▸ What you need to do:
In this exercise, print only the lines of the records below from the one with "Brodit ProClip Zwart" through the one with "Carhartt × Vintage", inclusive. Pictures are not part of the copy.

------ Exercise input

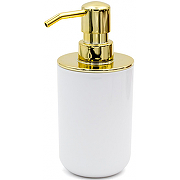Дозатор для жидкого мыла Ridder Alba 2015541 Золото Белый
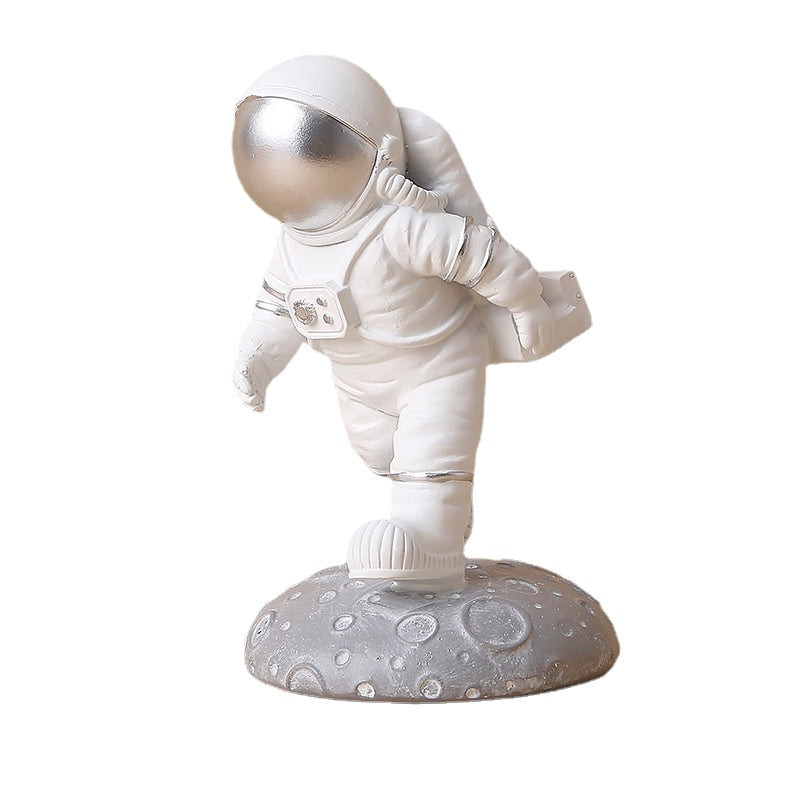 Astronaut Decoration Spaceman Model Hand-Made Home Decoration Mobile Phone Stand Children&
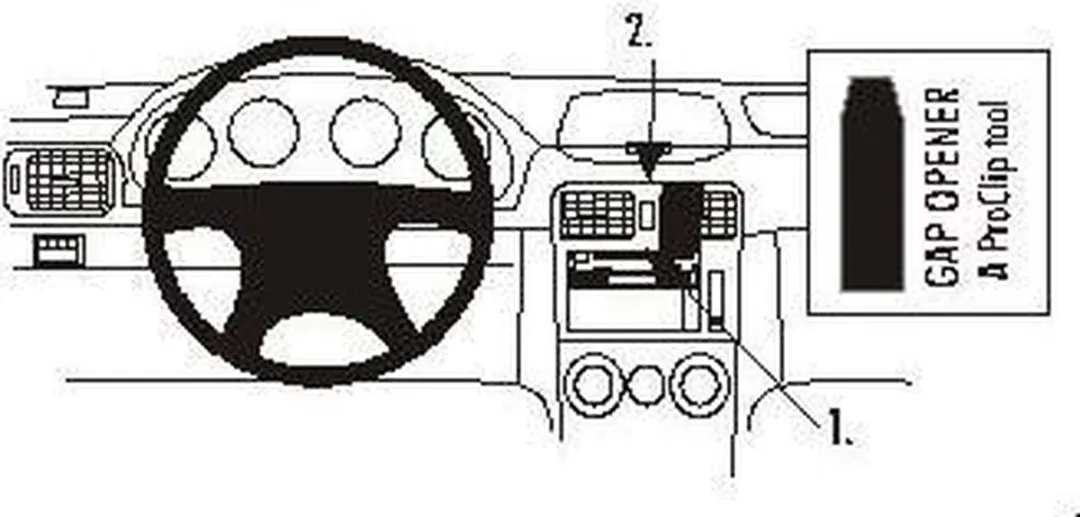 Brodit ProClip Zwart ABS Houder - Subaru Forester 2003-2007 - 853138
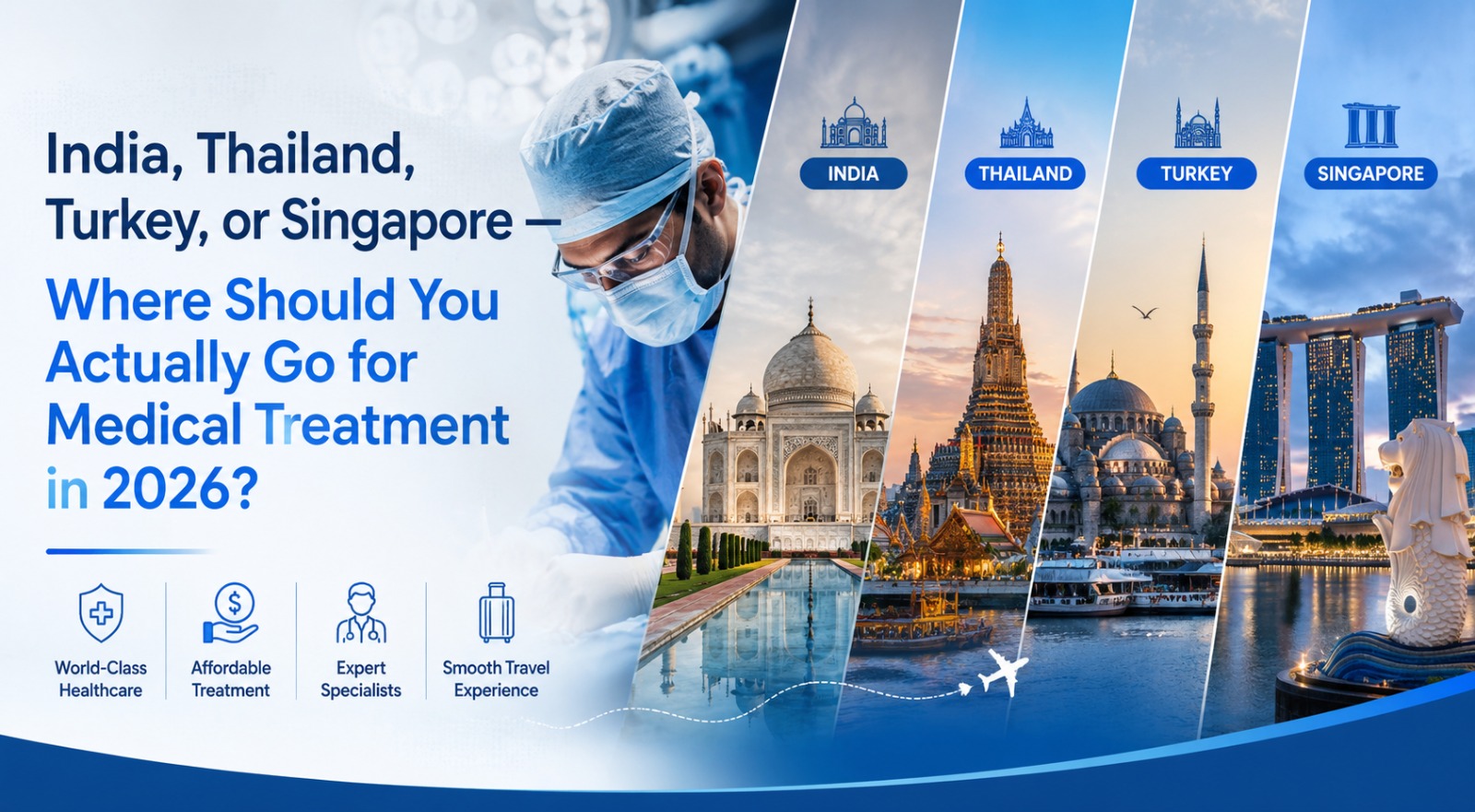 India vs Thailand vs Turkey vs Singapore — Best Country for Medical Treatment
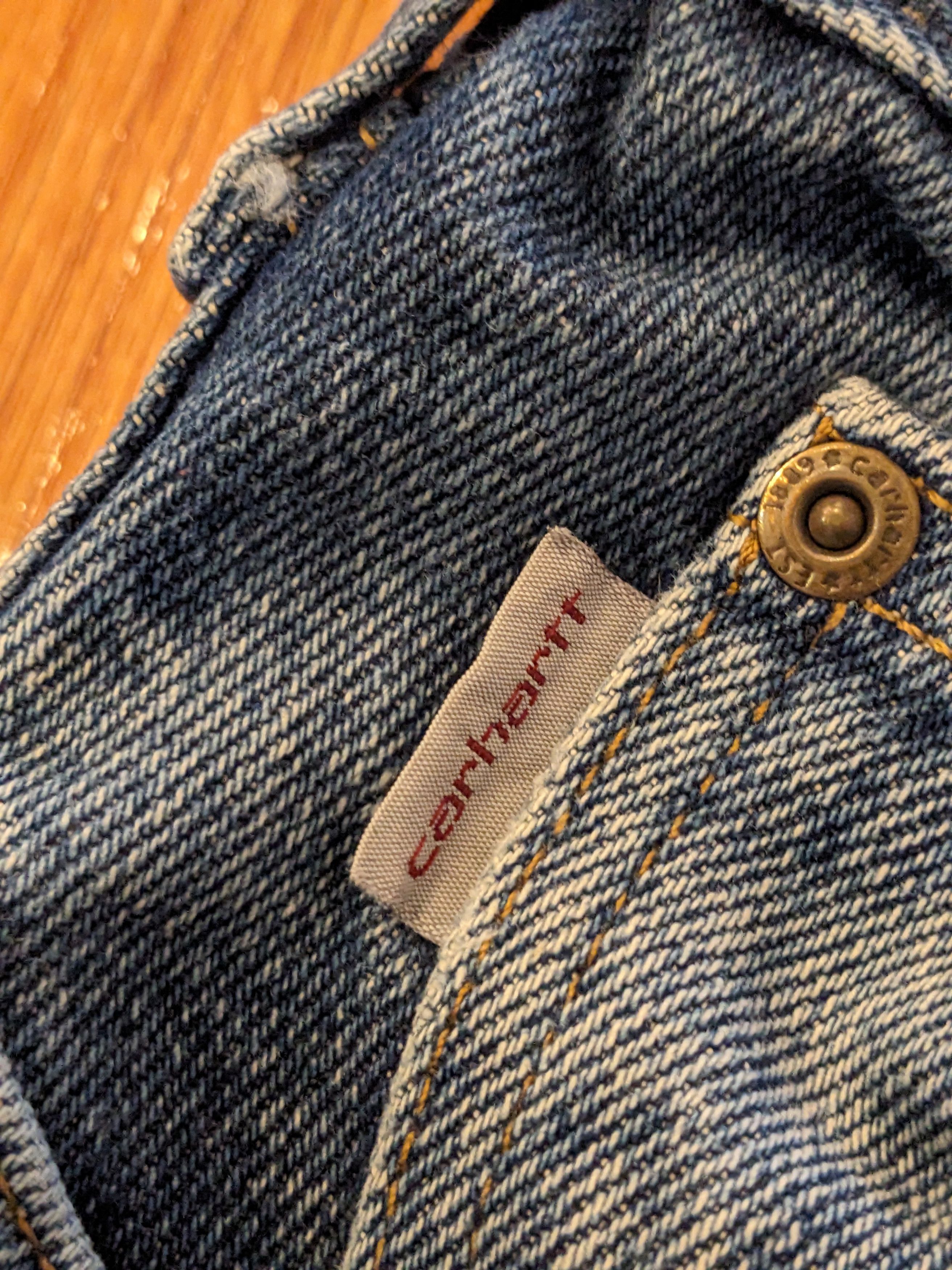 Carhartt × Vintage Vintage Y2K Carhartt B460 DVB Traditional 38 x 32 Jeans Size US 38 / EU 54 - 8 Thumbnail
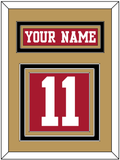 San Francisco Nameplate & Number (Back) - Home Red - Triple Mat 5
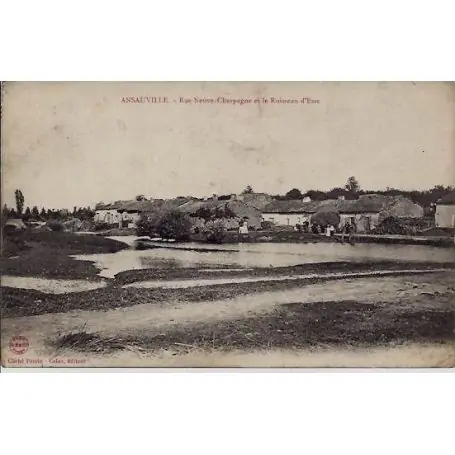 Achetez Aujourd’hui Carte postale 54 - Ansauville - Rue neuve-Charpagne et le ruisseau d'Esse - Voyage - Dos div
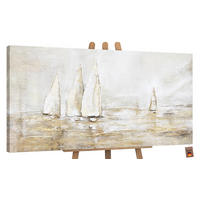 GEMÄLDE Sonnenblendung auf Keilrahmen 140x70 cm - Braun, Holz (140/70cm) - YS-art gallery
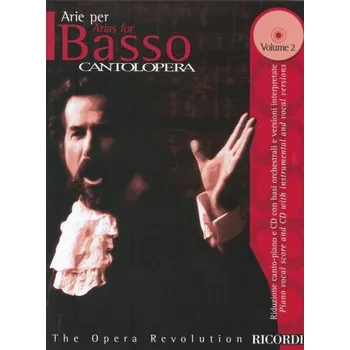 Zahraniční hudba CANTOLOPERA: ARIE PER BASSO VOL. 2 CHANT +CD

------------

▸ Response below:
 Brodit ProClip Zwart ABS Houder - Subaru Forester 2003-2007 - 853138
 India vs Thailand vs Turkey vs Singapore — Best Country for Medical Treatment
 Carhartt × Vintage Vintage Y2K Carhartt B460 DVB Traditional 38 x 32 Jeans Size US 38 / EU 54 - 8 Thumbnail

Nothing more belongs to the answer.